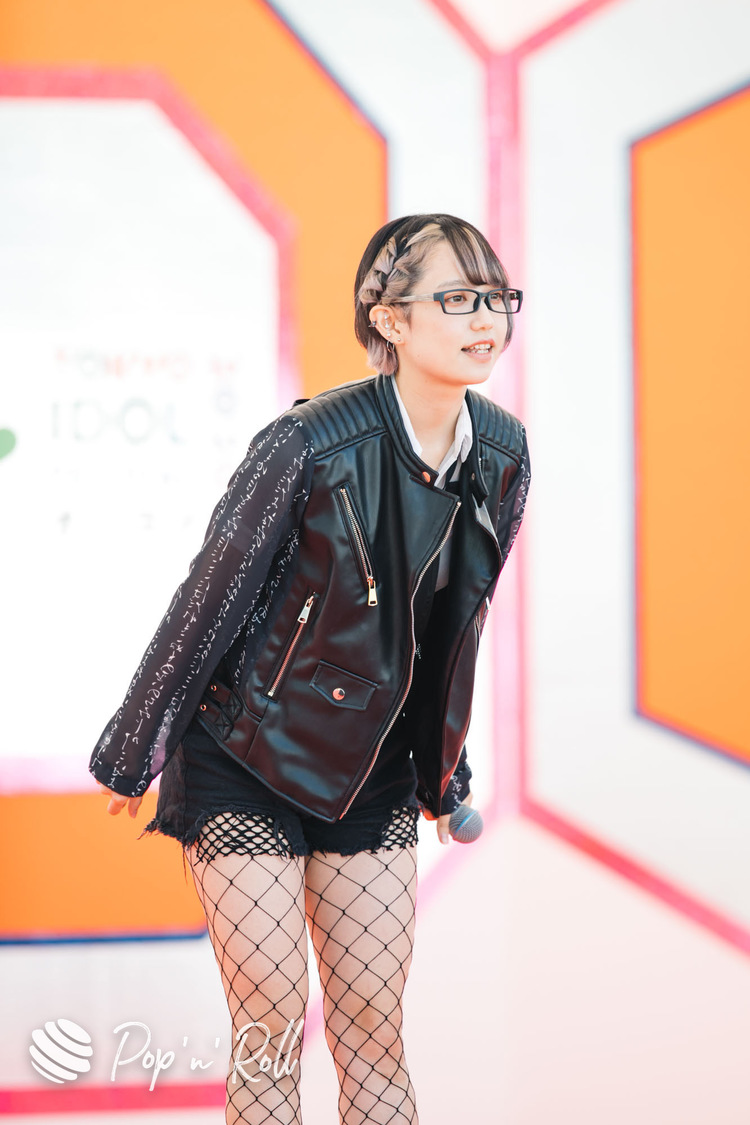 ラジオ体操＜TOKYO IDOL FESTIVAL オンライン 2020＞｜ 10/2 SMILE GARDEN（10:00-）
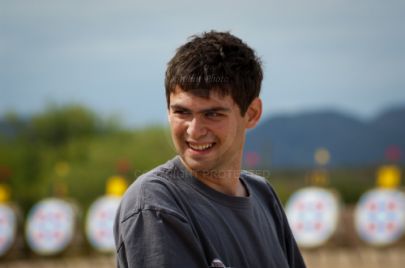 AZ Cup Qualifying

+--

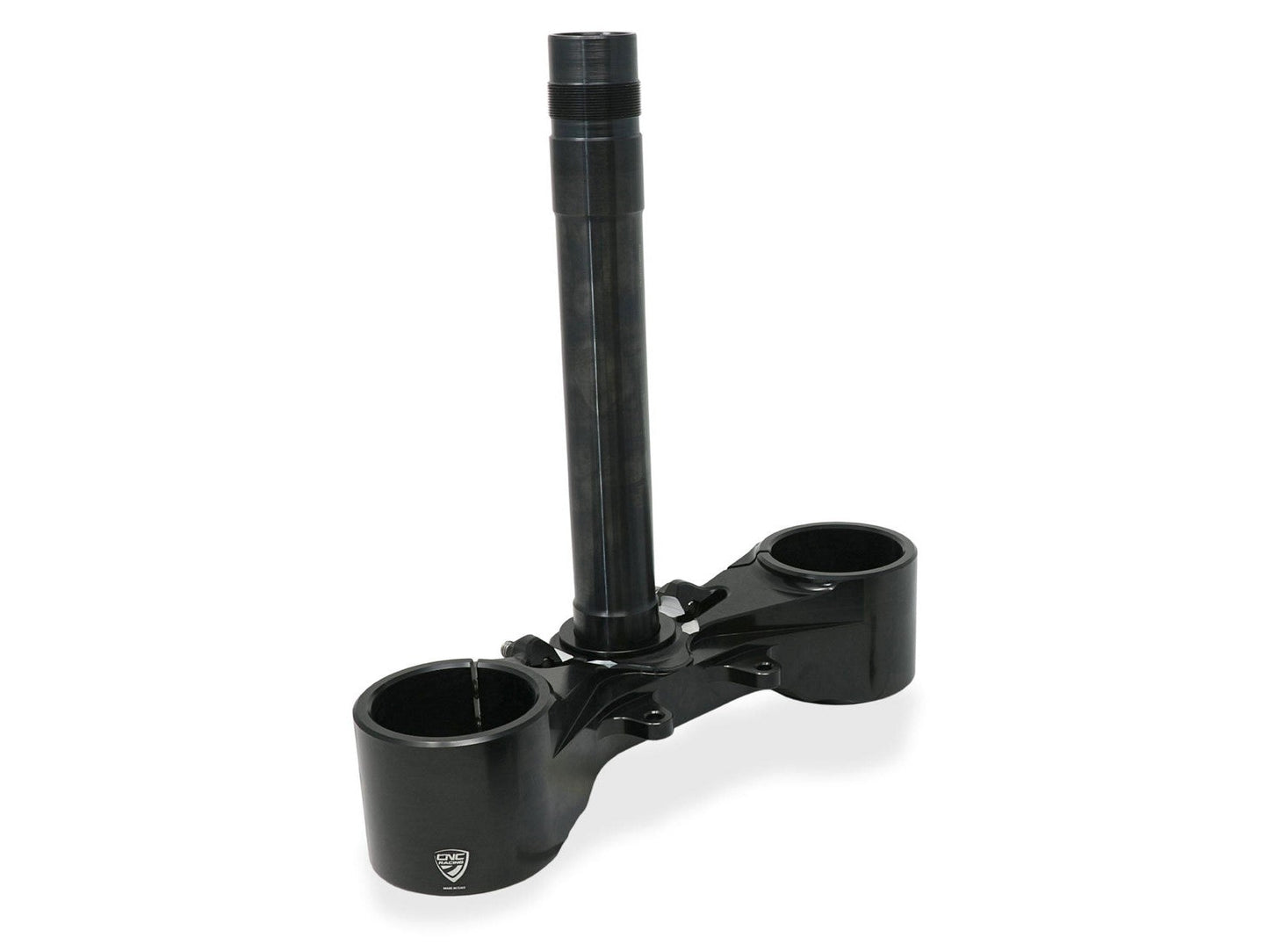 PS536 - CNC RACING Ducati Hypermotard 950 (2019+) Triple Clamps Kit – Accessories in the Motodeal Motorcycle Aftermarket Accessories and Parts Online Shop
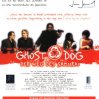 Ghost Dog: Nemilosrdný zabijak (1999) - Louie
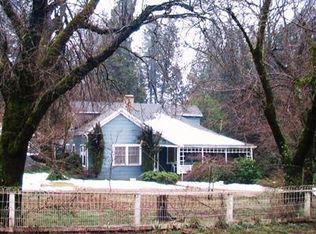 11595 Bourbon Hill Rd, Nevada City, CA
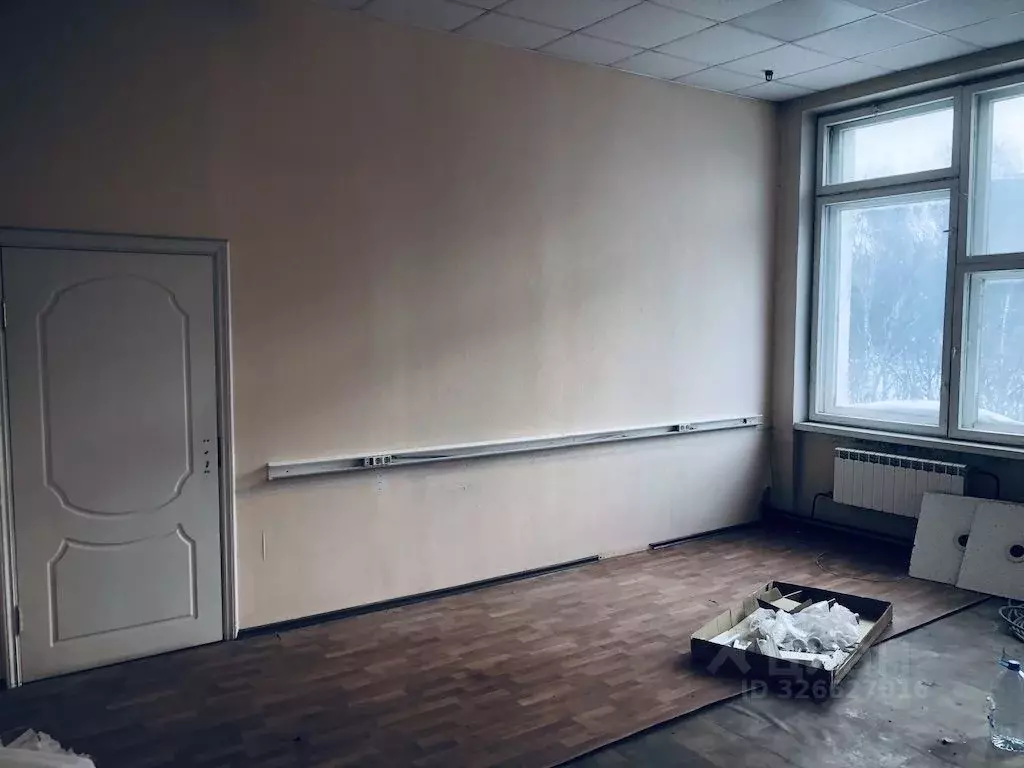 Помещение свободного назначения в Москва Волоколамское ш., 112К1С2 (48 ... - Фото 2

+--

_What is expected_
From the data above, return exactly the lines from the one with "11595 Bourbon Hill Rd, Nevada City, CA" up to and including the one with "Помещение свободного назначения". Pictures do not go in the copy.

_Your response_
 11595 Bourbon Hill Rd, Nevada City, CA
 Помещение свободного назначения в Москва Волоколамское ш., 112К1С2 (48 ... - Фото 2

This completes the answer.